Price of gold rose to as high as $1,557.20 per ounce this morning!

The gold price climbed $9.11 to $1,553.31 Monday amid growing fears over the European sovereign debt crisis. The price of gold rose to as high as $1,557.20 per ounce this morning, just 1.3% shy of its $1,577.40 all-time record high, reached on May 2 of this year. Equity markets around the world tumbled, while U.S. exchanges were set to open substantially lower.

Alongside the gold price, the U.S. dollar was one of the few asset classes moving higher on Monday. The euro currency came under considerable pressure against the dollar, falling 1.4% to 1.4022. Silver prices held near unchanged at $36.71 per ounce, while cyclical commodities including oil and copper suffered steep declines.

Coupled with the worse than expected jobs report in May, the June data has already led to calls for the Federal Reserve to implement a third round of quantitative easing (QE3). Chairman Ben Bernanke has on many occasions highlighted the crucial impact that the nonfarm payroll reports have on monetary policy, and the latest data is likely to cause the Fed to maintain its dovish stance for longer than previously anticipated. This view became evident on Friday in the Fed Funds futures market, where the likelihood of a Fed rate hike by mid-2012 declined from near 30% to 8%.

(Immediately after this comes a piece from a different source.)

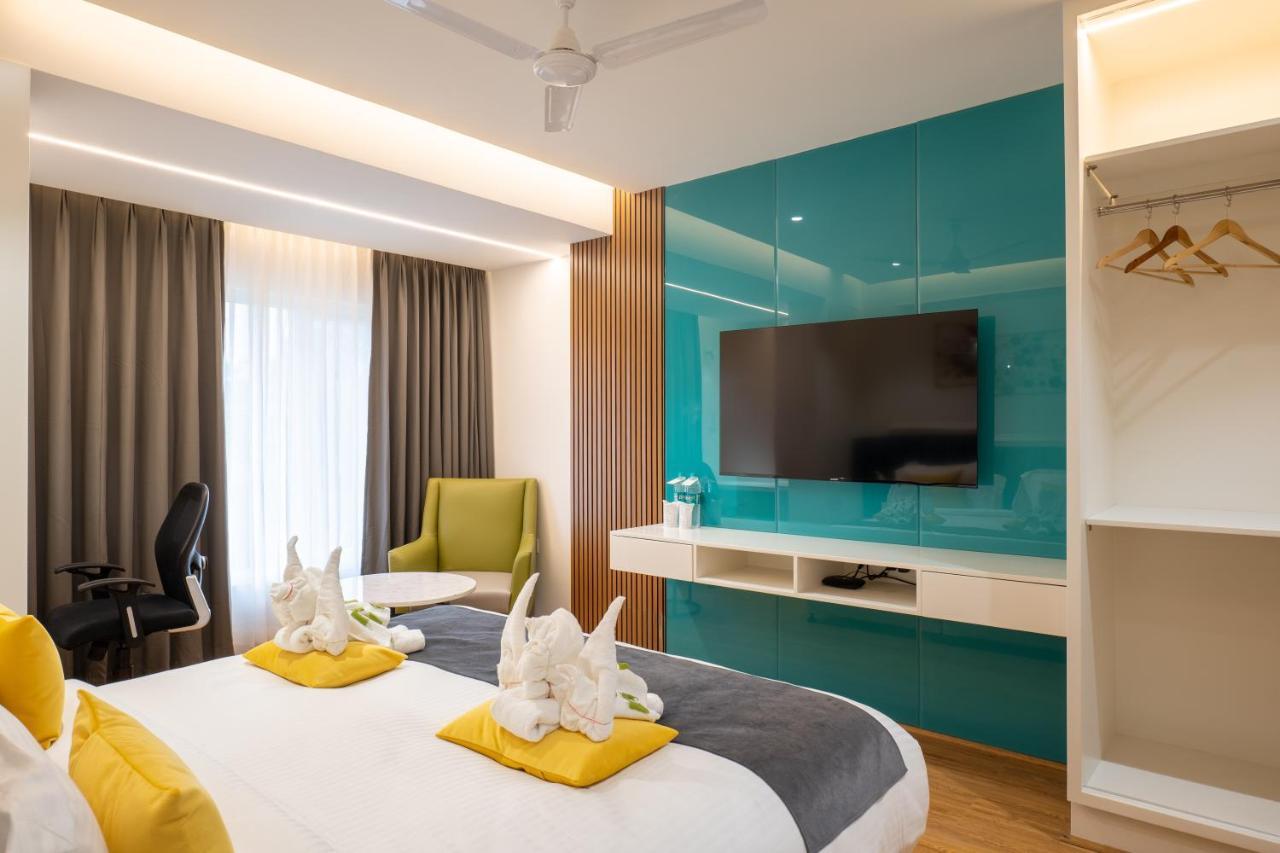 Clubway Grand A Boutique Hotel Jorhat Bagian luar foto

Negative real interest rates has been one of the most significant catalysts behind the gold price rally in recent years. With the Fed now expected to keep rates on hold for the foreseeable future, the price of gold is likely to receive an even stronger tailwind. Furthermore, as hedge fund magnate Eric Sprott predicted earlier this week, if the Fed does indeed launch QE3, the gold price could very well explode to the upside.